El Paso County District Court No. 99CV1827

Honorable Steven T. Pelican, Judge


W.O. Brisben Companies, Inc.,
Plaintiff-Appellee and Cross-Appellant,
Eric Krystkowiak,
Defendant-Appellant and Cross-Appellee.


Division III


Ney and Roy, JJ., concur
August 29, 2002


Deutsch, Spillane, Reutzel & Foster, P.C., John M. Spillane, Denver, Colorado; Hall & Evans, L.L.C., Alan Epstein, Denver, Colorado, for Plaintiff-Appellee and Cross-Appellant
Anderson, Dude & Lebel, P.C., Lawrence A. Hecox, Lenard Rioth, Colorado Springs, Colorado, for Defendant-Appellant and Cross-Appellee
Kelly, Haglund, Garnsey & Kahn, L.L.C., Lori Potter, Denver, Colorado, for Amicus Curiae SLAPP Resource Center

In this tort action for intentional interference with a contract, defendant, Eric Krystkowiak, appeals from a judgment granting his motion to dismiss, but denying his request for attorney fees and costs. Plaintiff, W.O. Brisben Companies, Inc. (Brisben), cross-appeals the judgment dismissing the action. We affirm in part, reverse in part, and remand.

Brisben proposed to build an apartment complex on vacant land located directly across the street from Krystkowiak’s house.

Krystkowiak and his neighbors organized the Northeast Colorado Springs Neighborhood Association (NECSNA) to oppose Brisben’s project. Krystkowiak, an unpaid volunteer, was NECSNA’s Design Committee Chair and Spokesperson.

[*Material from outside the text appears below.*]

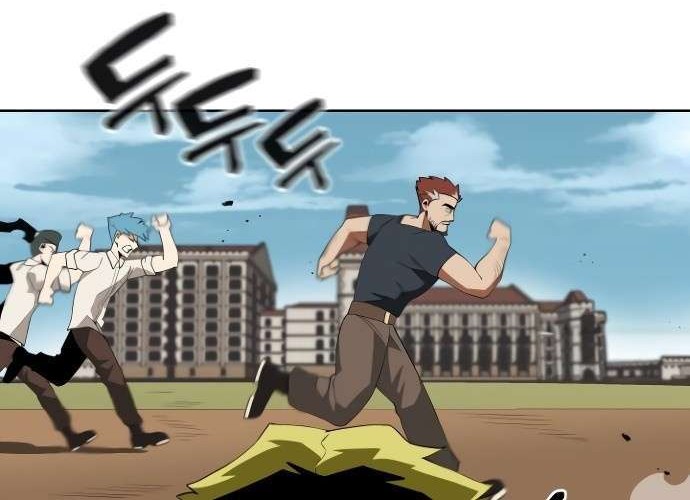 Lazy Prince Becomes a Genius Chapter 5 Gambar 7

NECSNA alleged that Brisben’s project violated City of Colorado Springs zoning and planning ordinances. The city planning commission coordinated a mediation session between NECSNA, Brisben, and city staff.

Krystkowiak attended the lengthy mediation session on NECSNA’s behalf. While it is disputed whether the mediation resulted in an agreement between the parties, it is not disputed that at some point, NECSNA’s president signed a draft settlement agreement. Krystkowiak did not, however, sign the agreement, even though a separate line for his signature was provided.

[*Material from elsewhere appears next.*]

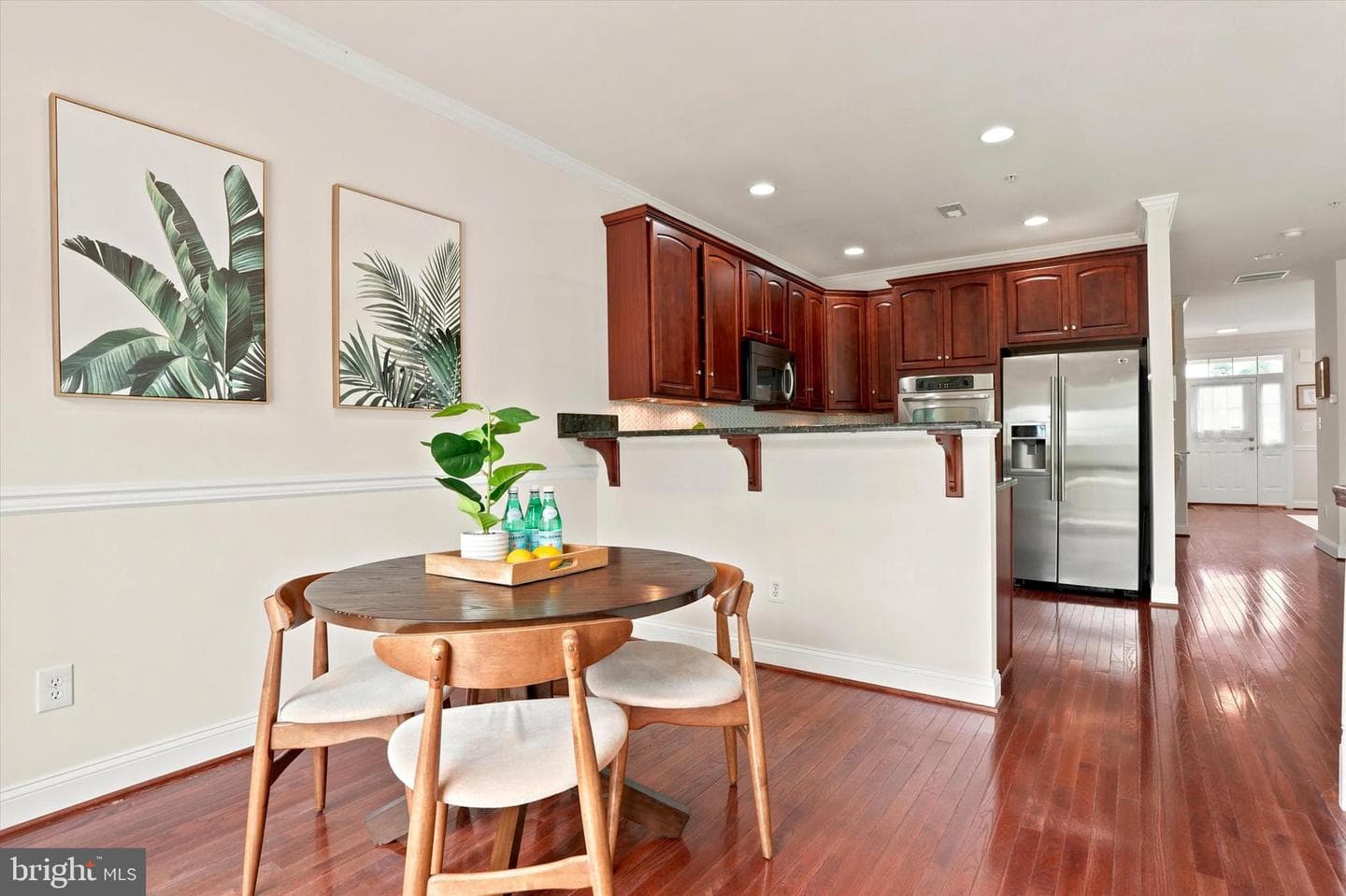 3268 Waterstone Court #185 photo 9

Under the terms of the alleged agreement, Brisben was to make certain modifications to its proposed project, and NECSNA was to discontinue its opposition to the project. However, Krystkowiak continued to appear before the city council on behalf of NECSNA in opposition to Brisben’s project. Ultimately, the city rejected Brisben’s proposed project because it did not comply with city code.

Thereafter, Brisben filed the present suit against both NECSNA and Krystkowiak for $16 million in damages. In its complaint, Brisben alleged that Krystkowiak’s continued opposition to the project, after NECSNA contracted to discontinue its opposition, constituted a breach of contract by NECSNA and intentional interference with the contract by Krystkowiak.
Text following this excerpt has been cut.